Cette pression à la hausse sur les consommateurs moyens est flagrante dans l’immobilier parisien. La rénovation thermique obligatoire crée une impasse pour les petites surfaces : isoler un 9m2 par l’intérieur est souvent techniquement impossible sans passer sous le seuil de décence légale, rendant alors le logement impropre à sa location.

D’un autre côté, il est envisageable d’allouer différemment les dépenses de l’État. Se détourner des énergies non-renouvelable, en dehors du nucléaire, apparaît déjà raisonnable. La France a su agir lors du premier choc pétrolier de 1973 ; le plan Mesmer voit le jour en 1974 et entérine le « tout nucléaire ». La France est parvenue à se détacher en partie de sa dépendance aux hydrocarbures, au profit d’une énergie plus verte. Par ailleurs, l’impôt sur les profits polluants est aussi une piste. Cet impôt serait mécaniquement progressif. Il toucherait faiblement, voire nullement, les moins riches et pénaliserait fortement les plus riches. On appliquerait l’idée du « pollueur-payeur » sur les individus.

Comment interpréter cette mutation inflationniste ?

Le réchauffement climatique est une des principaux responsables de l’accroissement des inégalités. Ces inégalités s’établissent tant à une échelle nationale qu’internationale ; ces inégalités se structurent aussi bien financièrement que socialement. Ici, l’inflation est au carrefour de ces 4 points.

Nationalement, de quelle façon ces inégalités se manifestent-elles ? Financièrement, cette inflation creuse davantage l’écart entre les personnes les plus aisées et le reste de la population.

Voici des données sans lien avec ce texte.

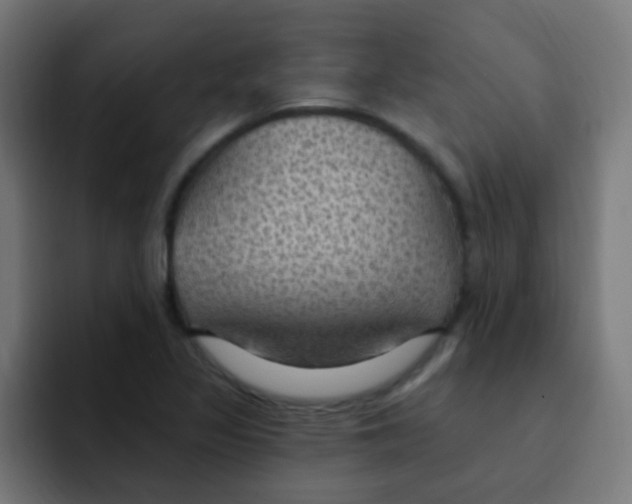 X0000092031317200710041054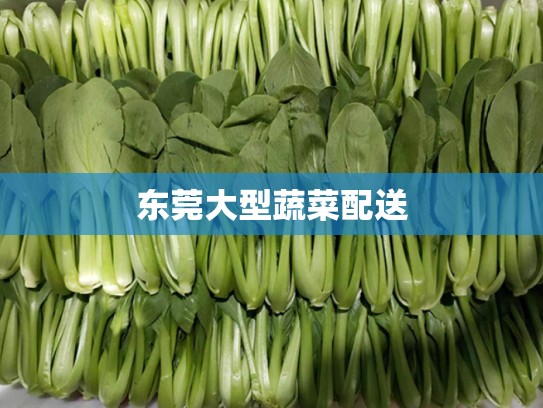 东莞大型蔬菜配送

Dans les faits, la loi d’Engels tire un constat simple : plus le revenu d’une personne est élevé, moins les besoins physiologiques pèsent dans son budget, et inversement.

Or, l’inflation jusqu’alors mentionnée frappe prioritairement ces besoins de première nécessité. Puisque les ménages modestes consacrent une part prépondérante de leurs revenus à la nourriture et à l’énergie, ils subissent alors de plein fouet la hausse des prix, là où les plus riches disposent d’un « coussin » financier et d’une structure de consommation plus diversifiée (services, loisirs, épargne). En somme, cette inflation ne se contente pas de réduire le pouvoir d’achat ; elle opère une redistribution inversée de la richesse, punissant plus sévèrement ceux qui possèdent le moins. Néanmoins, ce constat concerne de la même façon les plus pauvres dans le cas d’une inflation structurelle.